Bu adama her geçen saniye hayran olmam ne kadar akıl işiydi..

Kısa bir sessizlikten sonra Miraç'in konuştuğunu duydum. "Madem biz uyandıramıyoruz. O hâlde Çınar uyandırır, değil mi abisi hadi koçum." Hafif bir pat pat sesi duyduktan sonra gülümsememek için dilimi ısırdım.

"Abi ya çek şu elini. Siz kıyamıyorsunuz da ben kıyabiliyor muyum yani? Bence çıkalım, kendisi uyanınca gelir." Diğerleri onaylar mırıltılar çıkarırken odanın tamamen boşaldığını hissettim an gözlerimi açtım.

Gözlerim karşımdaki aynaya takıldığında dudaklarımın kıvrıldığını gördüm. Kıvrım yavaş yavaş yok olurken bu on sekiz yılı onlarla geçirmenin nasıl olabileceğini düşündüm.

Kendi kendime acı çektiriyordum lâkin hâlâ bulunduğum durumu kavrayamıyordum. Tanrı aşkına! Bu çok büyük bir olaydı.

Beni bekledikleri aklıma gelince yataktan kalkıp banyo olduğunu düşündüğüm kapıya gittim. İşlerimi halledip banyodan çıkarken hastaneden beri aynı kıyafetlerle bulunmak beni rahatsız etmişti ama şu an kimseden bir şey isteyemeyeceğimi düşünüp odadan ayrıldım. Tırabzanlardan tutunarak geldiğim yolu inerken gergindim.

"Mila?" Adımın seslenmesiyle merdivenin yarısında duraksarken geriye döndüm. Çağan merdivenin başında durmuş bana bakıyordu.

"Efendim" Ona karşı neden böyle uysal çıktığını anlamadığım sesimi duyunca gülümsedi ve yanıma geldi.

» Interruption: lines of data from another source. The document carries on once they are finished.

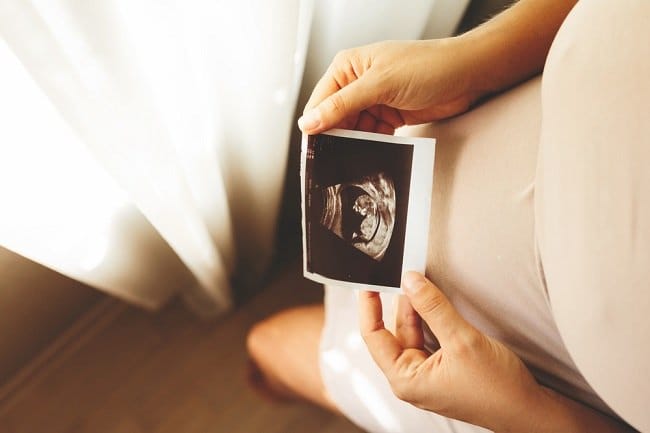 Janin 2 Bulan, Inilah Perkembangan yang Perlu Diketahui - Alodokter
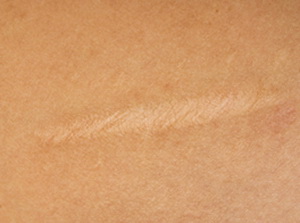 Нормотрофический рубец после ожога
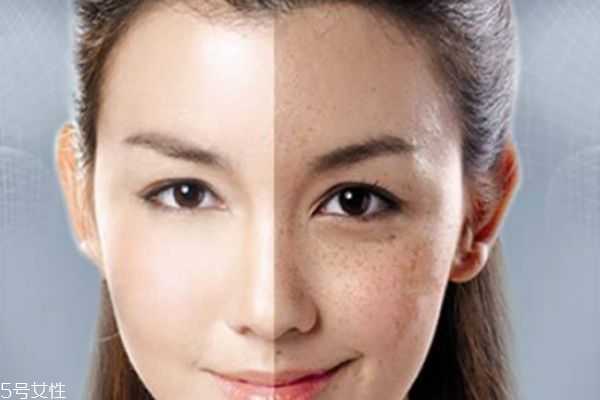怎么去除脸上的斑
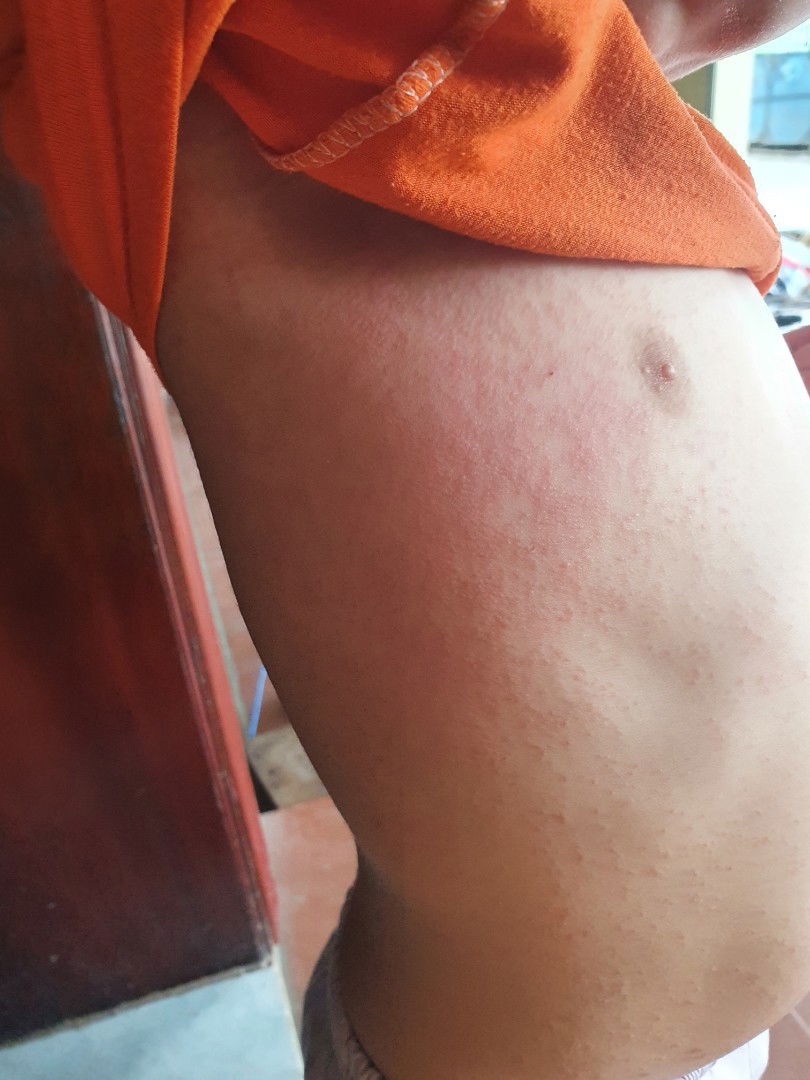 Bé bị nổi nốt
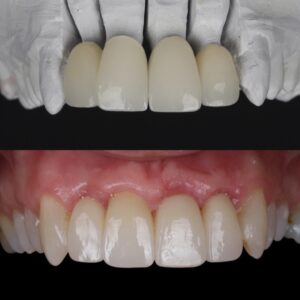 carillas de porcelana en dientes torcidos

"Bir şeye ihtiyacın var mı güzelim?" Başımı iki yana sallayacakken çekinerek durdum. Bana kıyafet gerekiyordu fakat çok sevgili Karancığım dışarıya bir adım attırmadığı için kokmak zorundaydım!

Bunu şu anlık en çok iletişim kurduğum ve ılımlı yaklaştığım Çağan'dan istemeye karar vermiştim. "Şey, üzerimdekiler uz-" Çekingen sesimi duyar duymaz sözümü keserken nazikçe elimi tutup beni merdivenlerden geri çıkartmıştı. Uyuduğum odanın yanındaki odayı açarken hoş dizaynına ufak bir göz atıp ona döndüm.

"Burası senin odan. Zamanı gelince istediğin gibi düzenlersin." Onaylarcasına başımı sallarken neden burada uyumadığımı düşündüm. Zihnimi okumuş gibi gülümsedi." Orası misafir odası, geldiğimde genelde orada kalırım. Kokun sinsin diye uyudun orada." Göz kırpıp odadan çıkınca arkasından erimiş bir şekilde bakıyordum.

Bu adam neden benim dayımdı yahu!

Çok fazla bir şeye göz atmadan üzerime siyah eşofmanla sweat alıp giyindim. Geldiğim yolu geri inerken nihayet salona varmıştım. Salonda kimsenin olmadığını görünce onları aramaya koyulacakken odaya giren Karanla göz göze geldim.

Ona atabileceğim en boş bakışı atıp yanından geçerken koridorun sonundaki yemek odasında olduklarını söylemişti.

Bu adama uyuz oluyordum.

Çünkü onu kendine benzetiyorsun, baksana bakışları bile sen gibi bakmıyor mu.

Düşüncelerimin beni duraksatmasına izin vermezken dediği odaya girdim. Herkesin yemek masasında oturduğunu görünce utanmıştım. Umarım çok bekletmemiştirim. Arkamdan gelen adım seslerinden malum kişinin de geldiğini anlayıp gözüme Çınarla Miraç'ın ortasındaki boş yeri kestirip oraya oturdum. Herkesin tam olmasıyla yemeğe başlarken üzerimde hissettiğim bakışlar beni yememem için zorluyordu.